EXERCISE MATERIALS section start
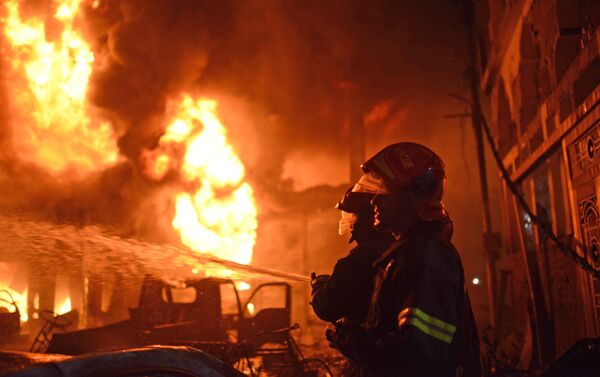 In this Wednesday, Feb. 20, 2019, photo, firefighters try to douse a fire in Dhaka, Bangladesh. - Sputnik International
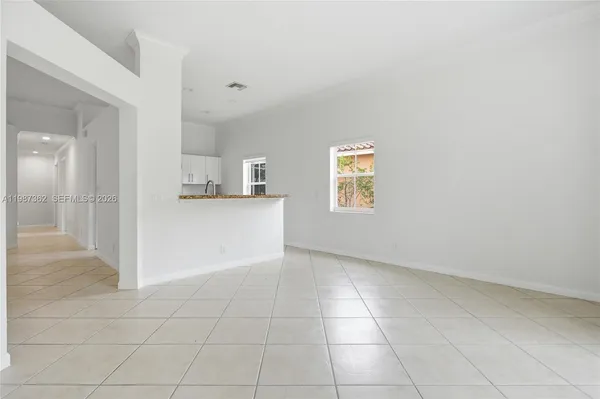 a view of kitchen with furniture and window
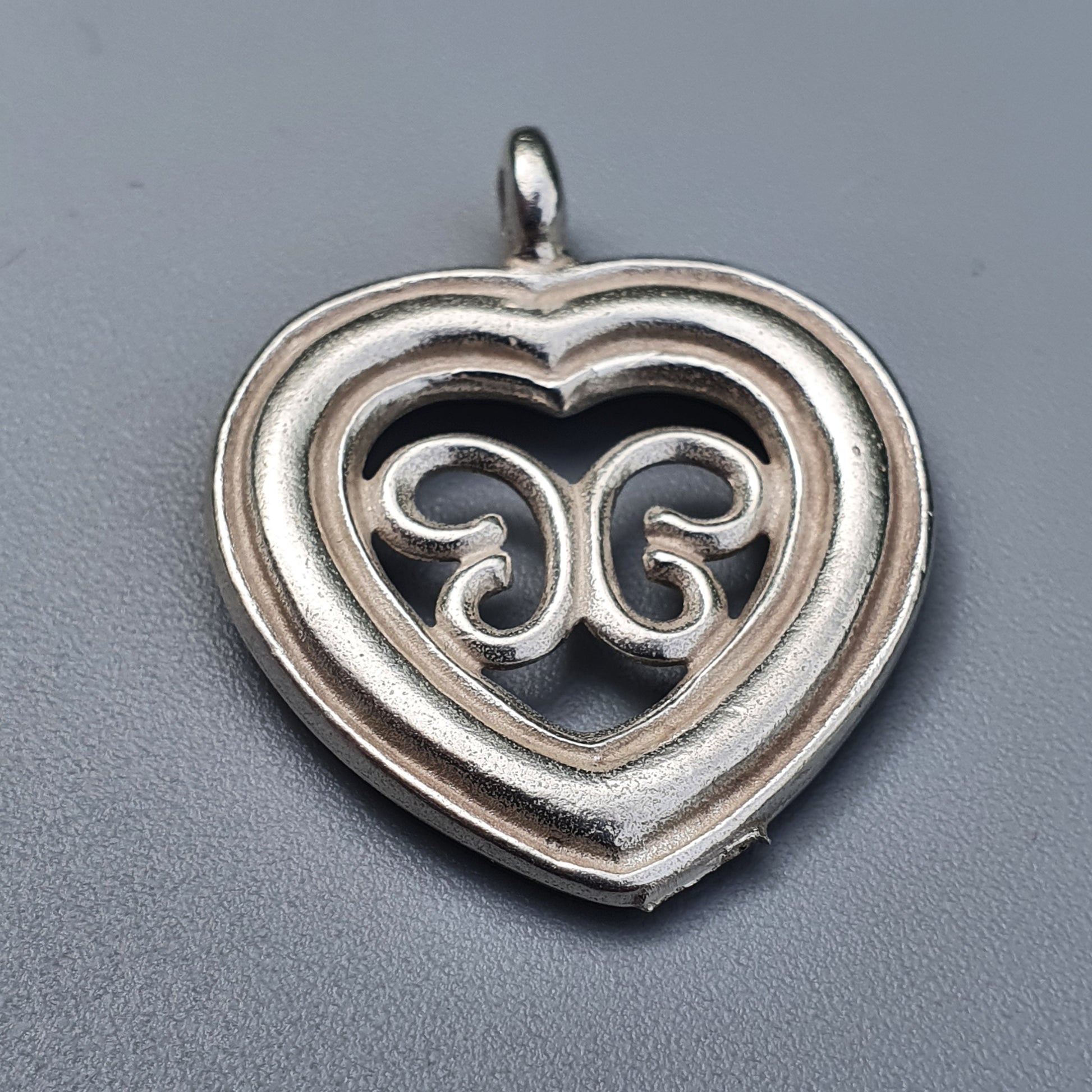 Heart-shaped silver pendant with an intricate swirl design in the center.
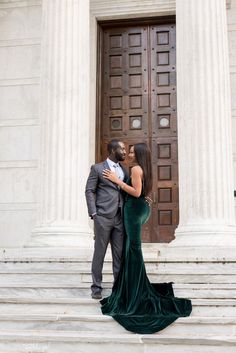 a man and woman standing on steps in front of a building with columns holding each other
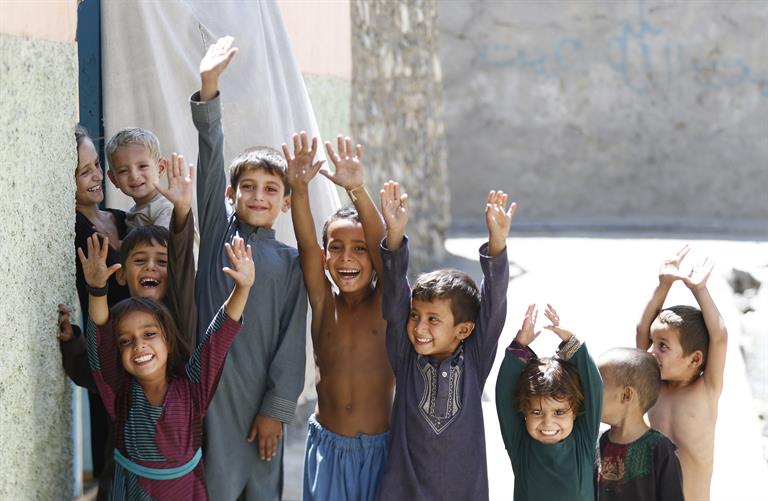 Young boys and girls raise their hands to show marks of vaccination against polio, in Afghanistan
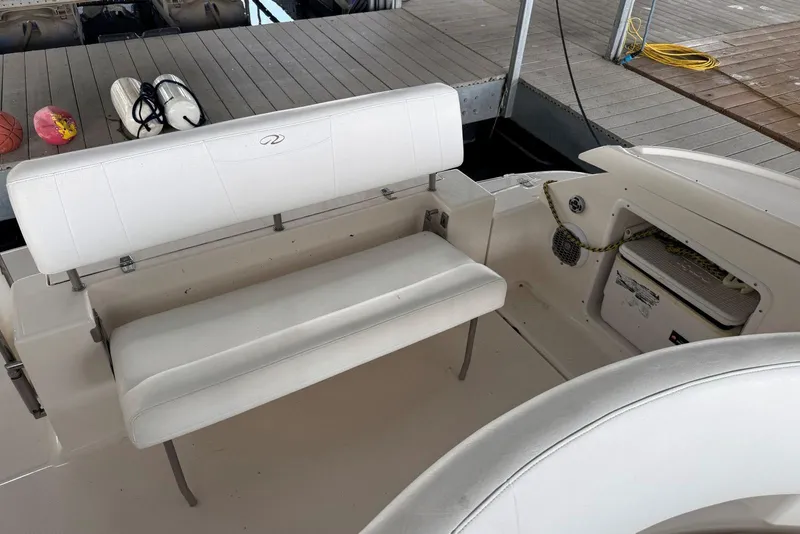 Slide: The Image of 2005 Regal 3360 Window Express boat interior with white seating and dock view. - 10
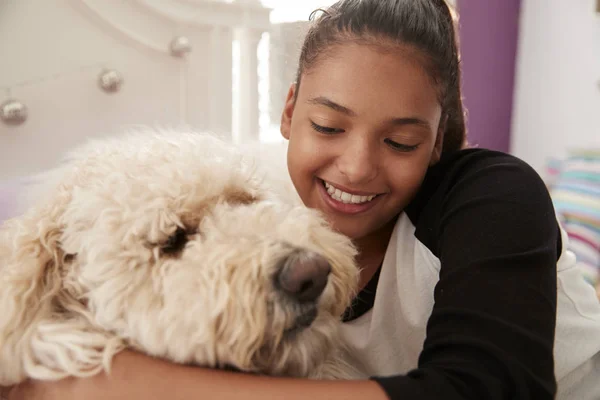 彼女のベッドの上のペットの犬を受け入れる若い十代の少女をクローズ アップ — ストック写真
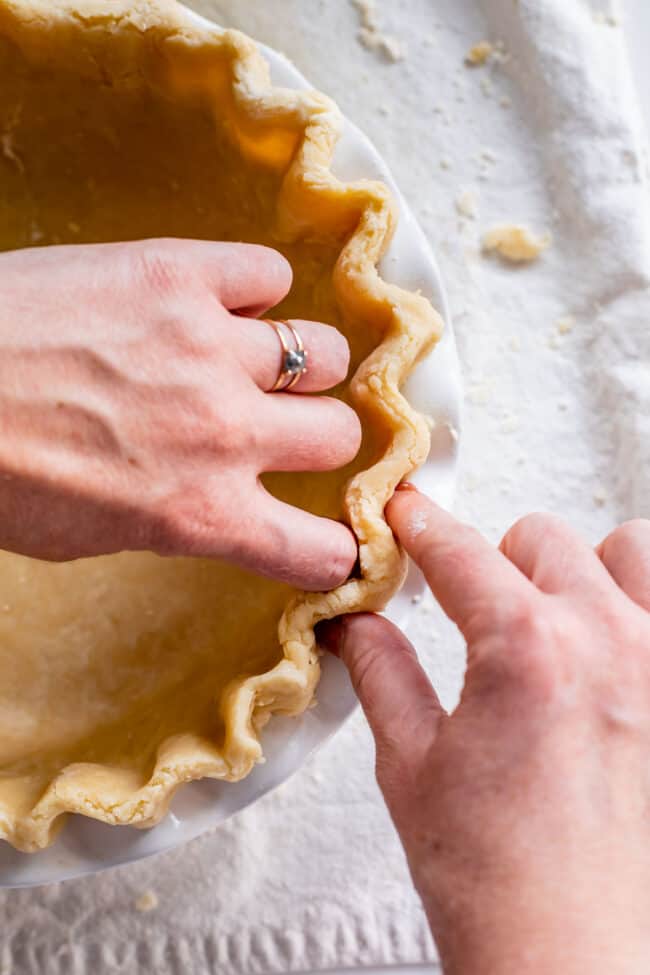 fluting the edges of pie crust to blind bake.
EXERCISE MATERIALS section end
EXERCISE MATERIALS section start
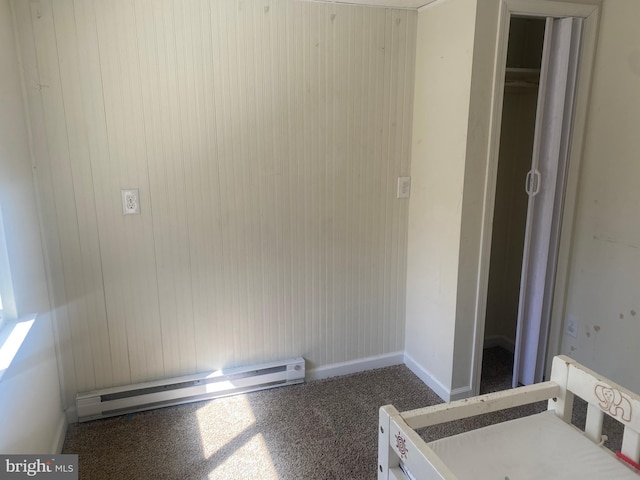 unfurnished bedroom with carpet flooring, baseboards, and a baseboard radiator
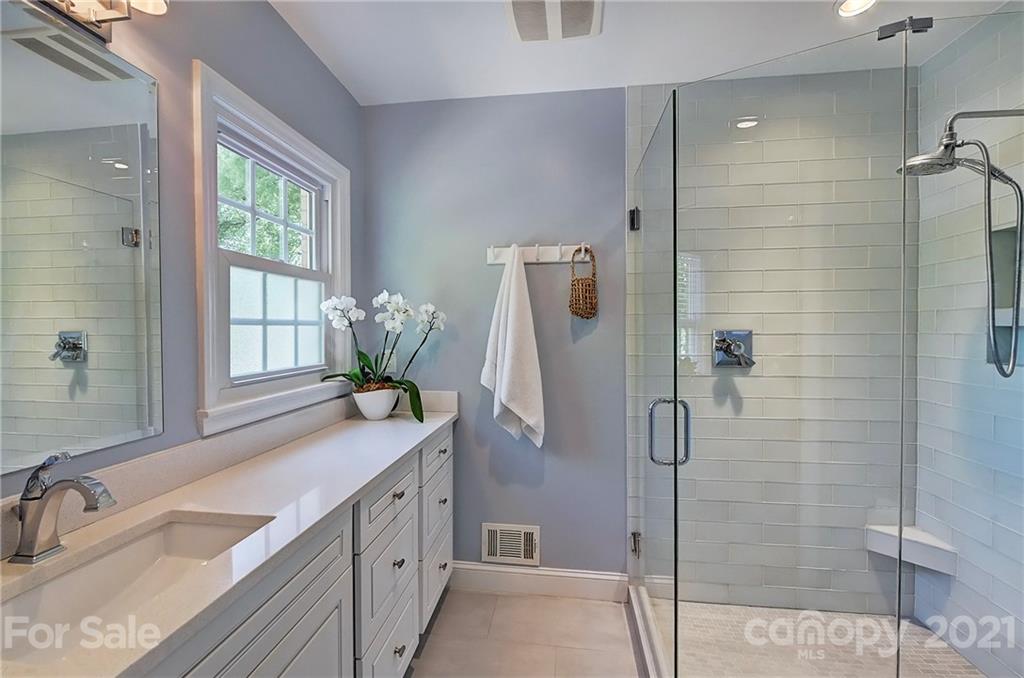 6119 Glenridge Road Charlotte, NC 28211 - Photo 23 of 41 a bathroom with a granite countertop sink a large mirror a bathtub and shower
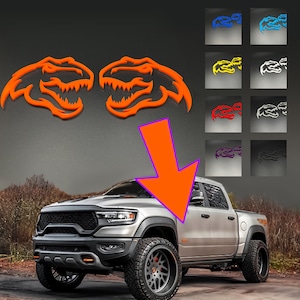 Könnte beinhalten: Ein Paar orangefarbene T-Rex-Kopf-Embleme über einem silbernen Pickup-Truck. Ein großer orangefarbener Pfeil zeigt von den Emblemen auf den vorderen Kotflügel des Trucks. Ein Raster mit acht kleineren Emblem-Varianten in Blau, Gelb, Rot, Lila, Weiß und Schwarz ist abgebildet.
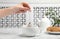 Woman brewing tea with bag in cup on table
EXERCISE MATERIALS section end
EXERCISE MATERIALS section start
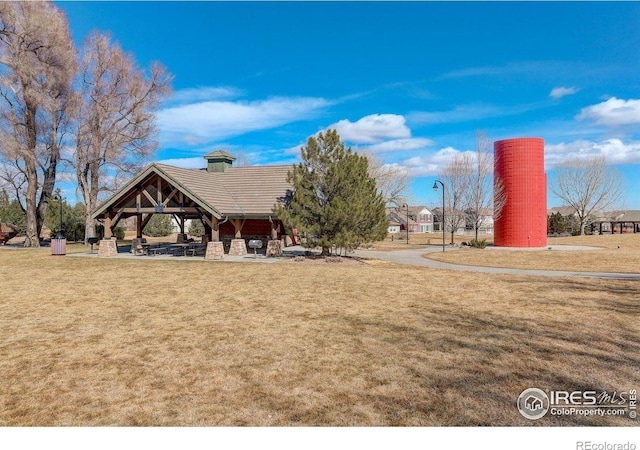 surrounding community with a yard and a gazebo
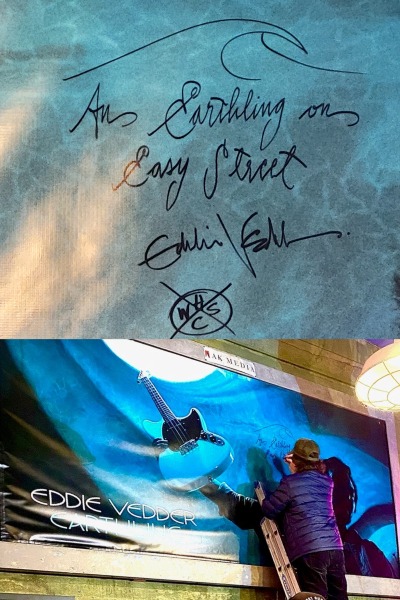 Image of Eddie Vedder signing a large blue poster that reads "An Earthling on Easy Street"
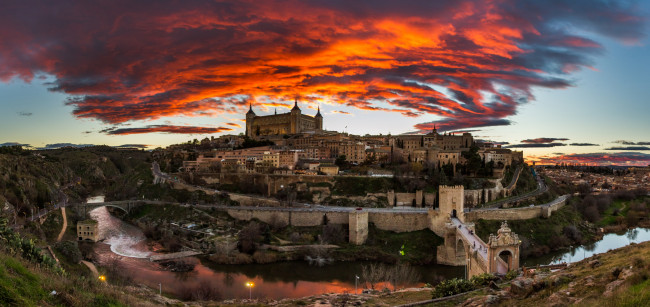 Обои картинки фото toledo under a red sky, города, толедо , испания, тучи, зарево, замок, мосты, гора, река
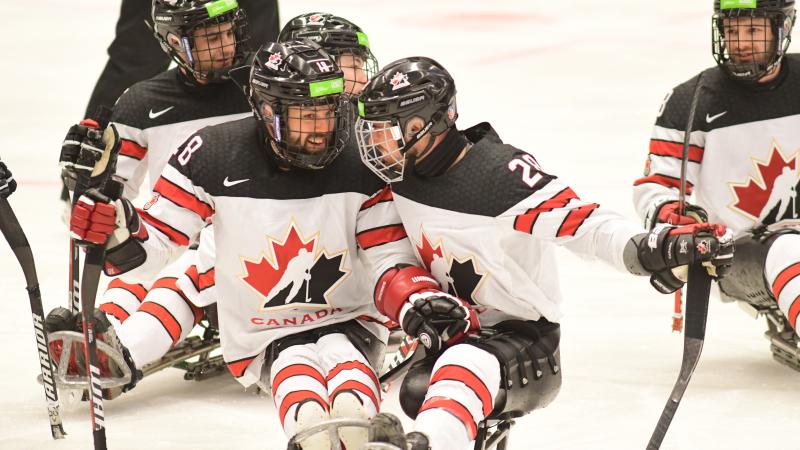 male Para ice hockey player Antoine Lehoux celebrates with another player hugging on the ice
EXERCISE MATERIALS section end
THE TASK = Pictures are to be left out. Write out only the lines above starting at the one with "In this Wednesday, Feb." and ending at the one with "彼女のベッドの上のペットの犬を受け入れる若い十代の少女をクローズ アップ —", both lines included, exactly.

WRITTEN RESPONSE =
 In this Wednesday, Feb. 20, 2019, photo, firefighters try to douse a fire in Dhaka, Bangladesh. - Sputnik International
 a view of kitchen with furniture and window
 Heart-shaped silver pendant with an intricate swirl design in the center.
 a man and woman standing on steps in front of a building with columns holding each other
 Young boys and girls raise their hands to show marks of vaccination against polio, in Afghanistan
 Slide: The Image of 2005 Regal 3360 Window Express boat interior with white seating and dock view. - 10
 彼女のベッドの上のペットの犬を受け入れる若い十代の少女をクローズ アップ — ストック写真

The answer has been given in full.